クジラは長生きで100歳を超える個体もいることから、「海で最大規模の安定した炭素プール(貯蔵庫)」になり得るという。死んだ場合も死骸が海底に沈殿し、体内に蓄積された炭素を閉じ込めておくことができる。
さらに間接的な炭素吸収方法として、排せつ物を通じた吸収も挙げられる。クジラの糞(ふん)には栄養が豊富に含まれていて、植物プランクトンがこれを摂取することがある。植物プランクトンは成長に従って二酸化炭素を吸収するほか、死ぬとやはり死骸が海底に沈み、わずかながら炭素を除去する。
こうした炭素隔離のプロセスが気候変動の緩和につながるという。隔離されなければ今後数百年にわたって地球を温暖化させる要因となる炭素を閉じ込めておくことができるためだ。

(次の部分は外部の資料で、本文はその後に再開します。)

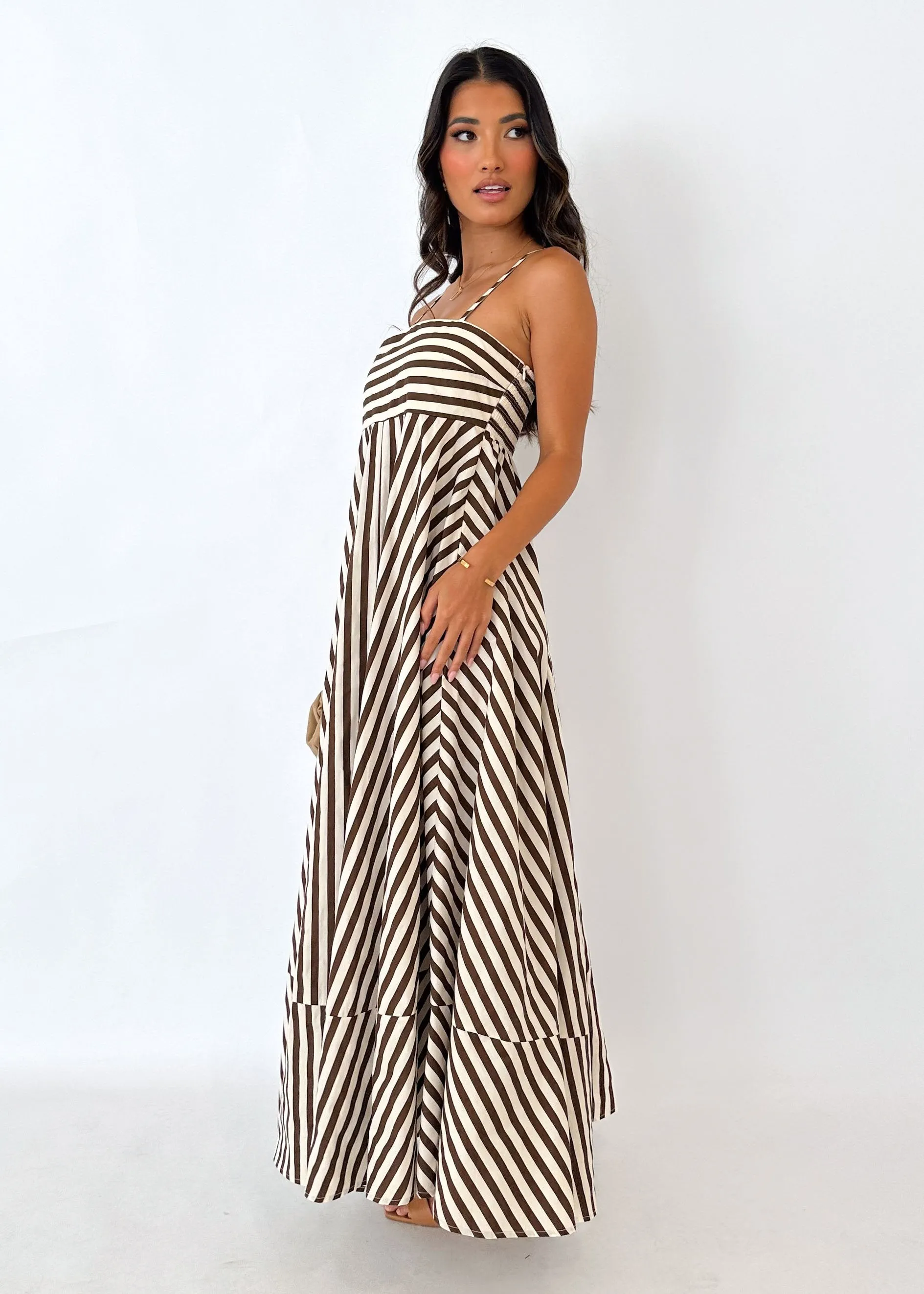 Elide Maxi Dress - Chocolate Stripe sold by Gingham & Heels product image thumbnail 4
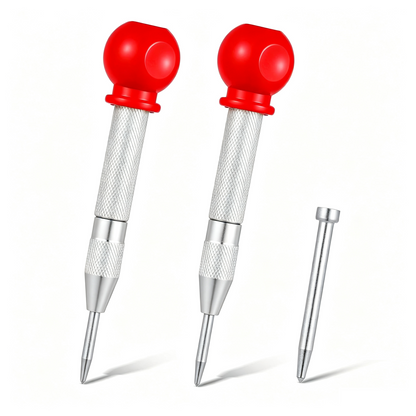 2-Pack Automatic Center Punch – 5" Spring-Loaded Brass Tool for Metal, Wood & Glass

ただ、クジラは絶滅の危機にあり、大型クジラ13種のうち6種が絶滅危惧種または危急種に分類されている。個体数減少の要因としては産業捕鯨や、漁具に絡まる被害、気候変動の影響による餌の変化、騒音汚染などがある。
論文の筆頭著者を務めたアラスカ大学サウスイースト校の研究者、ハイディ・パーソン氏は、クジラを保護することで生物多様性の危機だけでなく人為的な気候変動にも歯止めを掛けることにつながり、二重の利益があると指摘している。